## Work to be completed
Below are some records. Set down exactly the line holding "Qualitätskontrolle untersucht werden" and every later line through the end, omitting the pictures.

## Data in this exercise
───

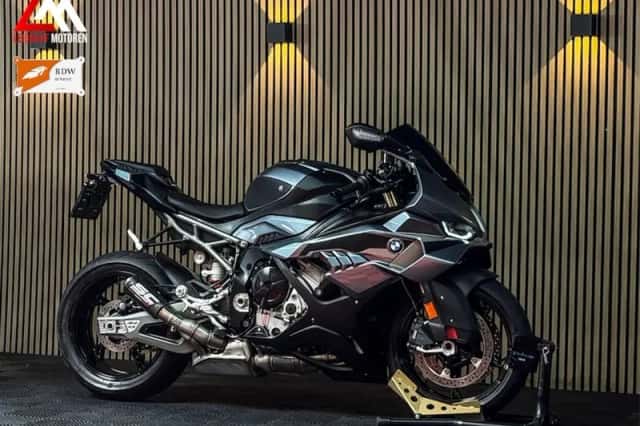 BMW S 1000 RR (2025) thumbnail 1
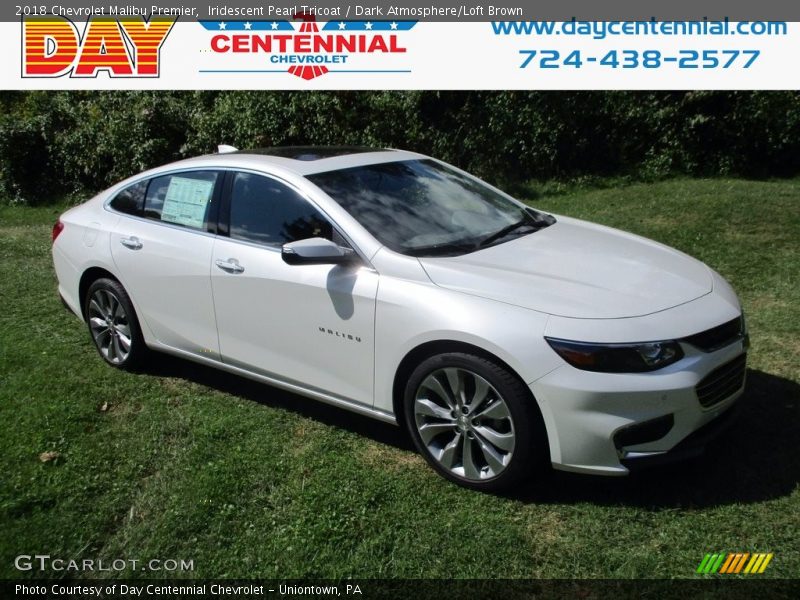 Iridescent Pearl Tricoat / Dark Atmosphere/Loft Brown 2018 Chevrolet Malibu Premier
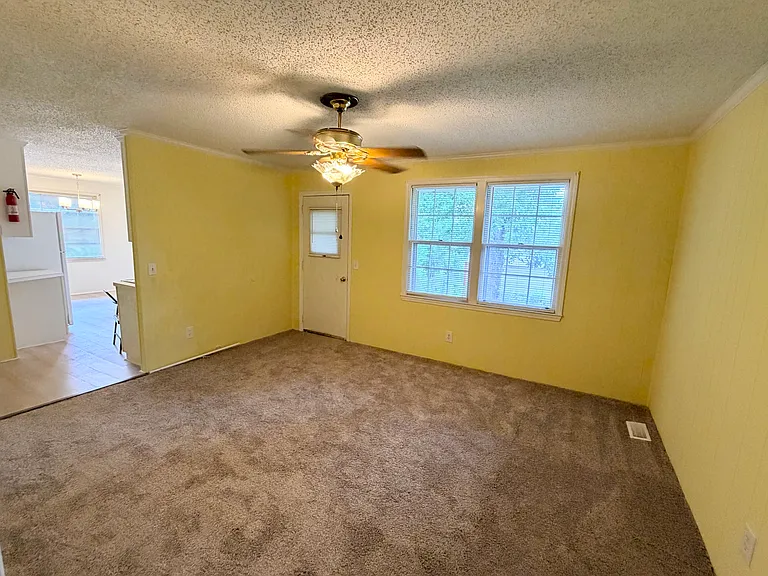 21 Golden Ct — Photo 9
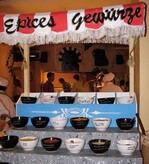 Gewürze und Arzneipflanzen unterliegen Qualitätsparametern, die in der
Qualitätskontrolle untersucht werden müssen; der Verbrauch muss sicher
sein.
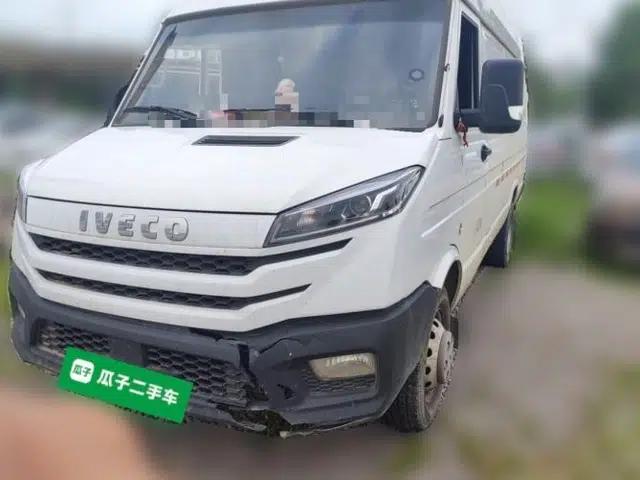 Iveco Daily 2023 2.8T V40 Van Long Wheelbase Mid-Roof Design Dual Tires Side-Swing Doors 2-3 Seater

───

## Response area
Qualitätskontrolle untersucht werden müssen; der Verbrauch muss sicher
sein.
 Iveco Daily 2023 2.8T V40 Van Long Wheelbase Mid-Roof Design Dual Tires Side-Swing Doors 2-3 Seater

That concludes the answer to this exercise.